There is a direct relationship between the size of this program's input data set, and it's resident memory size. This is because it creates and retains an object in memory for every single row. If we could somehow avoid this, we could keep the memory usage more manageable.

The answer to our resource usage problem is to process the data in a streaming fashion, tallying up records as they are parsed and then releasing them to the garbage collector, rather than holding them all in memory. To do this, we rearrange our code. We create a count variable that starts out at zero. Then we use the CSV.foreach method to look at each row in turn, incrementing the count if the visitor was from San Francisco.

count = 0
CSV.foreach('visitors.csv', headers: true) do |v|
  count += 1 if v["Geolocation"] =~ /San Francisco/
end
count                           # => 168
memstats                        # => "Size: 5152"

Looking at the stats, this version is a lot more promising.
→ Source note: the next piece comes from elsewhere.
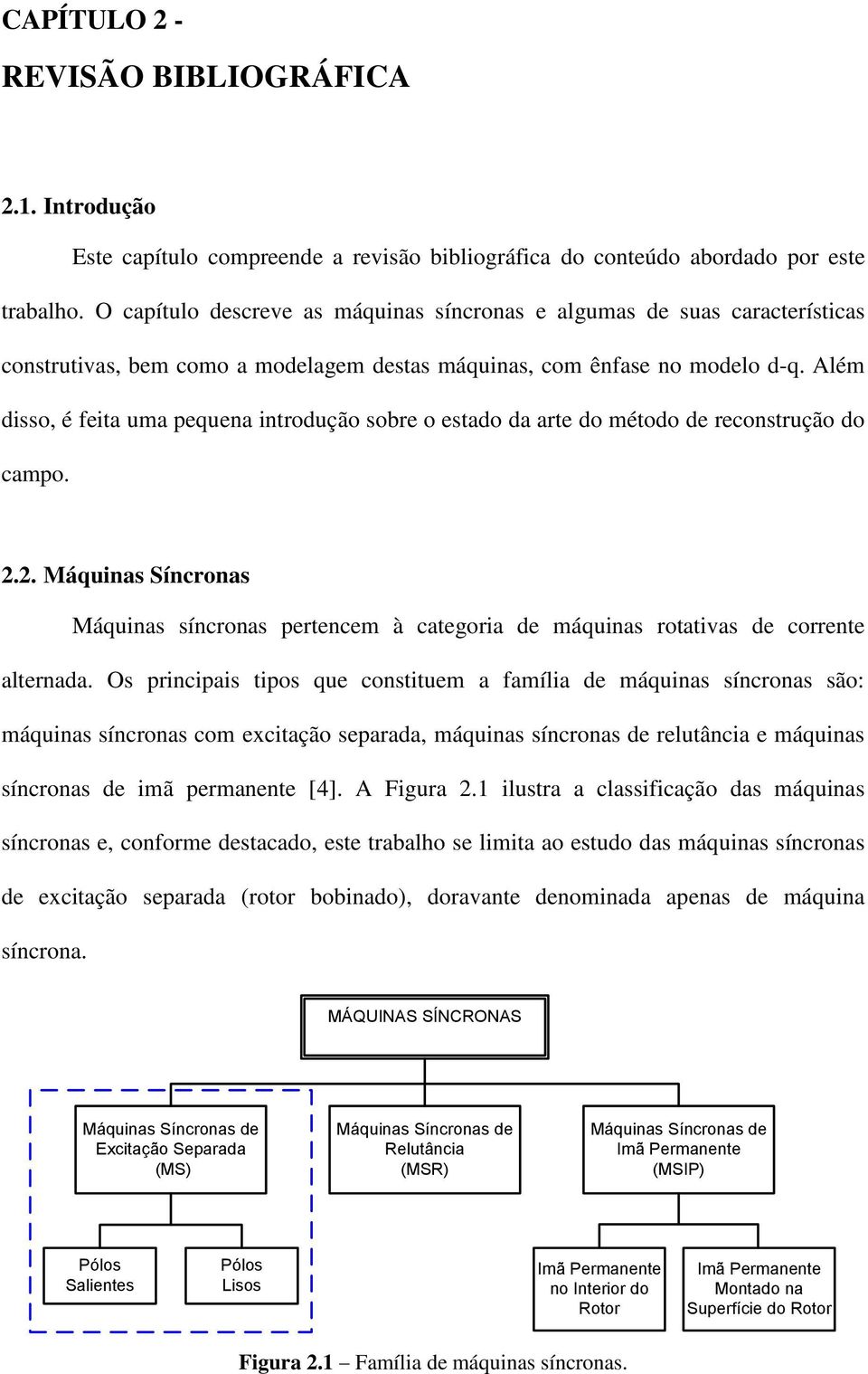 Além disso, é feita uma pequena intodução sobe o estado da ate do método de econstução do campo. 2.2. Máquinas Sínconas Máquinas sínconas petencem à categoia de máquinas otativas de coente altenada.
The ps command sees no change in process memory size after the process is finished going through the entire data set.

Of course, to accomplish this we had to discard the syntactic elegance of Ruby's Enumerable#count method, instead counting up matching records manually using a local variable. It's a shame we have to trade expressiveness for efficiency.

…or do we?

Here's another version of the same program. This time, we open the CSV file and then call the #each method, which iterates over rows. But, surprisingly, we don't pass any block to #each! [Editor's note: The bang is on the sentence, NOT on the #each.]
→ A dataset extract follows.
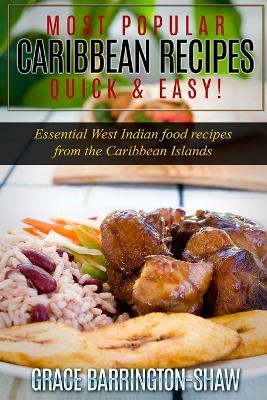 Book cover for Most Popular Caribbean Recipes Quick & Easy!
The return value of #each when given no block is an Enumerator object. This object is an external iterator over a collection. You can think of it as a lazy version of the visitors Array we created in the very first version of this program. It's an Enumerable object which is all prepped to read rows from the visitors.csv file—but which won't actually do any reading or parsing until the moment it is asked for data. And even then, it'll only read and parse as much as it needs.

We can see, when we look at the memory stats after it is created, that instantiating this Enumerator of visitors hasn't increased the process size at all.

Now we call #count on the visitors collection, passing it a predicate block, exactly as we did in the original code. We get the same count as before, but this time when we check the stats, we see that the process' memory usage has not grown measurably.

memstats                        # => "Size: 5168"
CSV.open('visitors.csv', headers: true) do |csv|
  visitors = csv.each           
  # => #<Enumerator: <#CSV io_type:File io_path:"visitors.csv" encoding:UTF-8 lineno:0 col_sep:"," row_sep:"\n" quote_char:"\"" headers:true>:each>
  memstats                      # => "Size: 5168"
  visitors.count{|v| v["Geolocation"] =~ /San Francisco/} # => 168
end
memstats                        # => "Size: 5168"

By using streaming processing, we've changed this program so its memory usage stays stable no matter how much input data we throw at it. By taking advantage of Ruby's pervasive use of Enumerator when an iteration method is called without a block, we were able to switch to a streaming style program without losing any of the expressiveness of the in-memory version. This is the kind of win-win scenario that leaves us as happy hackers indeed.